Now in saying all of that, I am not your typical case of "girl with messed up issues". Only a couple of extremely close friends know this about me. Some of my close friends don't even know any of this. My family have only just started to learn a small portion of what happened to me all of those years. Any one that knows me now would not even guess that I had been through half of the things I have. They would say that I'm bubbly, outgoing, and full of life.
It took me a long time to come to terms with everything that has happened. It took me falling down on numerous occasions for me to wake up to myself. Looking back, I never did see the light at the end of the tunnel, there were times I just wanted to give up. I never thought I was worth much and it has been a journey to learn to embrace and love myself. As much as some of the things in my past was crazily painful at the time, I can honestly say that I don't regret a single thing.
If it wasn't for being abused by men, I wouldn't have the courage and the guts to stand up for myself as I do now. Ask anyone that knows me, I'm a tough little cookie and I won't take sh*t from anyone. I know when to keep my mouth shut but I know when push comes to shove. I know my worth, what I deserve and will no longer accept anything less. I have been manipulated by the best and for that I am thankful, as I have learnt to read and see straight through people and their bullsh*t.
These days, I choose my friends wisely. Only the genuine, positive and ones that add value to my life are who I spend my time with. If it wasn't for knowing what it was like to have nothing, I wouldn't know how to appreciate the life I have now. I am like a child eating cake for the first time. Little things make me so happy. Watching the sunrise and set makes my heart skip a beat, hearing the waves of the ocean, chasing waterfalls and admiring it's beauty, strolling by the water, eating a simple meal, snuggling on the couch in the warmth, all of these things that can easily be taken for granted is what brings a smile to my face.
I know what it's like to be alone and to feel that there is no one on the planet that gives a damn. So when it comes to anyone in need, I am the first to offer assistance. If someone wants to talk about their problems, I will be their shoulder. I know what it's like to make the wrong choices and do things that other people would frown upon and because of that, I am anything but judgmental. I do not discriminate on race or status. I realise we are all flawed in our own ways and that is what makes us unique. It's a messed up kind of beautiful.

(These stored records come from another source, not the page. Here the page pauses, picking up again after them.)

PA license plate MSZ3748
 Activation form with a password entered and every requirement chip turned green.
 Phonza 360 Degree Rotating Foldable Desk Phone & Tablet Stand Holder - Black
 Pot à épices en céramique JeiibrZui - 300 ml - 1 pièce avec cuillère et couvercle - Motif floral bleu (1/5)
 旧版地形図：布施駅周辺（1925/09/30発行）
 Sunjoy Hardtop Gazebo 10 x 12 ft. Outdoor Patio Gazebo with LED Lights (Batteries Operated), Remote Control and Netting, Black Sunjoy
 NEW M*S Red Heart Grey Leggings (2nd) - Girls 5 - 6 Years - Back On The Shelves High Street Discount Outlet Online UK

Each and every single one of us have a story. We have all felt pain and happiness in different ways. Everything that has happened to us has helped shape us into who we are now. Don't let the past define you. Take all of that pain, all of those tears, all of those sleepless nights, all of those times you never thought you would get through and use it as motivation. You made it through, you were stronger than you thought. Use that pain to your advantage, use it to become a better version of you. Use it to win. Not against anyone else, win against yourself. Beat that voice inside of your head that is filled with doubt. You are better than that.
Embrace those painful memories, take a second and reflect on how they have shaped you and look at just how far you have come. You are strong, you are courageous and you are beautiful. How good does it feel to look at how much you have grown? Think to where you were last year, how about 5 years before that? Look how far you have come.
Be proud. I think you should feel empowered. Don't you?